In Brazil, thousands of families occupy empty buildings in Sao Paulo. "Terrorists" in the eyes of the president.
When speaking of her "country", the state of Goias, in central Brazil, pierces in her voice the bitterness of the exiles. Ester Eusebio Barboza da Silva, was not 20 when she landed in Sao Paulo, the megalopolis of concrete with the reputation of economic eldorado. Sure, at the time, that prosperity would be the reward of his efforts. Aged 48, mother of three children including a 6-year-old boy, here she is, at the beginning of February, residing with her husband Roberto in a dark and deciduous two-room apartment, lit by neon light, in the abandoned building called " 9 de Julho ", in the center of the city.
"Refugee in her own country", she explains, Ester lives an "ocupaçao" (occupation), it is said in Brazil. A "squat", it is said, that the family joined a few months ago for lack of being able to pay a rent of 1,250 reais (290 euros) since the dismissal of Roberto, truck driver. By caring for elderly people in the upscale neighborhoods of Morumbi, Ester earns 1,500 reais per month (350 euros). A little more than the minimum wage in Brazil (998 reais). "And I have a university degree," She says.
"Who does not fight, dies"
At the entrance of the building, owned by the National Institute of Social Security (INSS), empty since the late 1990s, squatted for the first time in 1997, spreads a tag: "Who does not fight, dies. " A little further in a community lounge, two figures on a refrigerator recall the stakes of the battle: more than 600,000 homes are unoccupied in Sao Paulo and more than 396,000 families are homeless.

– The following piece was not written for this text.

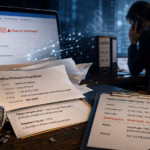 Datenschutzverletzungen: Was Unternehmen wissen müssen, wenn personenbezogene Daten in falsche Hände geraten Fotorealistische Editorial-Collage zu einer Datenschutzverletzung: Auf einem Schreibtisch zeigt ein Laptop eine E-Mail mit vertraulicher Mitarbeiterliste, die an einen falschen Empfänger gesendet wurde. Daneben liegen Personaldokumente, ein beschädigtes Sicherheitsschild, ein geöffnetes Vorfallsformular und eine leuchtende 72-Stunden-Countdown-Uhr; im Hintergrund telefoniert eine angespannt wirkende Mitarbeiterin.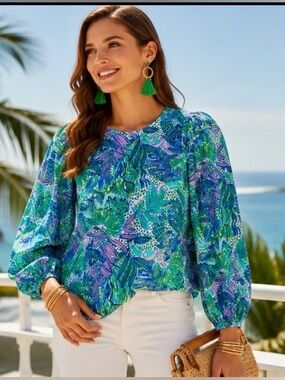 Lilly Pulitzer Lynnley Long Sleeve Top Botanical Green | Resort Chic Blouse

A true vertical favela of fourteen floors, without elevator, a hundred families like those of Ester occupy the building of concrete. Here, everyone has a life of odds and ends, arranging the best apartments, repairing over the years the pipes, installing water, electricity, organizing cultural events.
For the security of the whole, architects were even mandated by Carmen Silva, 58, at the head of the movement of Workers Without Roof Center (CSTM), emanation of the National Movement of Workers without roof (MTST).
"Terrorists" in the eyes of President Bolsonaro
Trained by left-wing activists, the MTST as the CSTM invade abandoned buildings by public authorities, private companies, and sometimes wealthy individuals, to claim, in vain, for nearly forty years, the establishment of a policy social housing.